At the beginning of each trial, a blue and a red object appeared on the screen. Participants were required to briefly hold the colors and shapes of the objects in working memory. After a 2-second delay, a social label and a color wheel appeared along with a mouse cursor. Participants were asked to identify the shape of the object that had been presented in the color associated with the referent of the label.
We measured the memory error (in a whole number from -179° to 180°) by calculating the angular deviation of a response from the ‘target’ shape cued by a label in each trial. As in Yin & Chen (2024), WM precision is then calculated separately for each participant and condition as the reciprocal of the standard deviation of memory errors across trials. The estimation of WM precision is based on the formula described in prior works (Bays et al., 2009).

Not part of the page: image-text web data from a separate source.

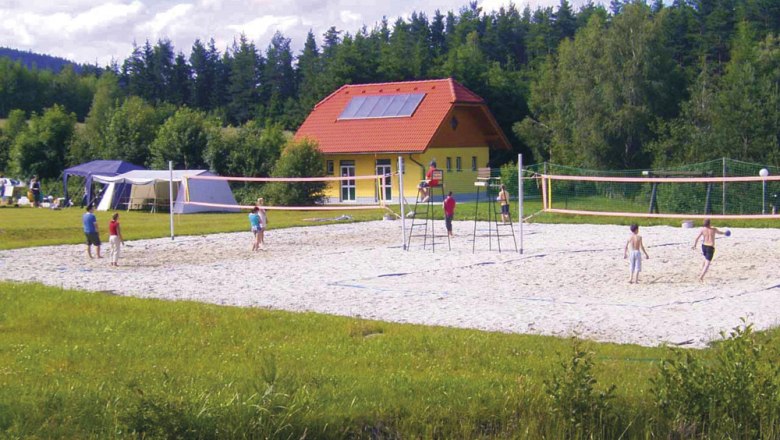 Menschen spielen Volleyball auf einem Sandplatz vor einem gelben Geb&auml;ude mit rotem Dach, umgeben von B&auml;umen.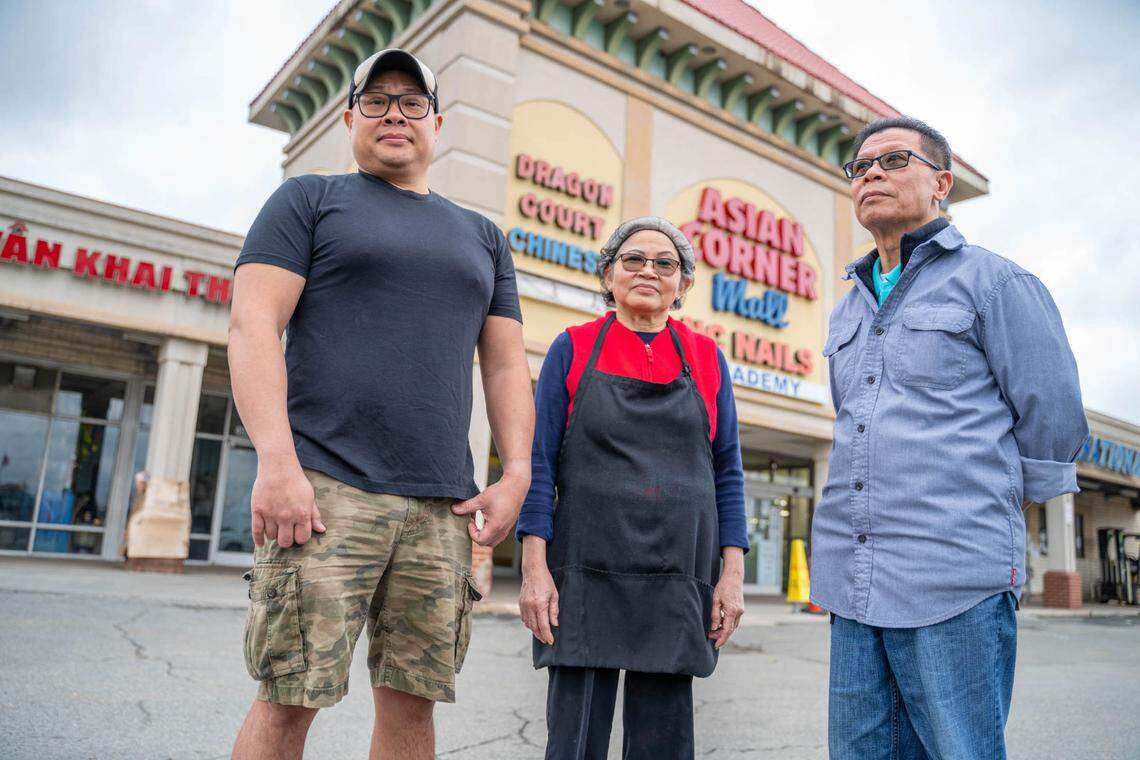 Three people stand for a low-angle portrait in the parking lot of the Asian Corner Mall, a large, beige stucco building with a prominent sign in red and blue letters. The person on the left wears a backward cap, the person in the center wears a black apron, and the person on the right looks away from the camera.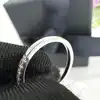 bague apm monaco pierre verte & demi-tour pavé zirconiums blancs t54 argent 925 millième (22 ct) 3,24g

tst <- read.csv("data/datSPE8VCS2TST.csv") %>%
mutate(SN = factor(SN),
Label = factor(Label,
levels = c("Self", "Friend"),
labels = c("Self", "Friend"))) %>%
mutate(ErrorRad = deg2rad(Error))
str(tst)
## 'data.frame': 10368 obs. of 18 variables:
## $ SN : Factor w/ 72 levels "1","2","3","4",..: 1 1 1 1 1 1 1 1 1 1 ...
## $ selfColor : chr "red" "red" "red" "red" ...
## $ Trial : int 1 2 3 4 5 6 7 8 9 10 ...
## $ selfSide : chr "left" "left" "right" "left" ...
## $ otherSide : chr "right" "right" "left" "right" ...
## $ selfID : int 314 218 4 245 87 65 96 291 243 274 ...
## $ otherID : int 20 107 184 332 153 221 360 358 33 201 ...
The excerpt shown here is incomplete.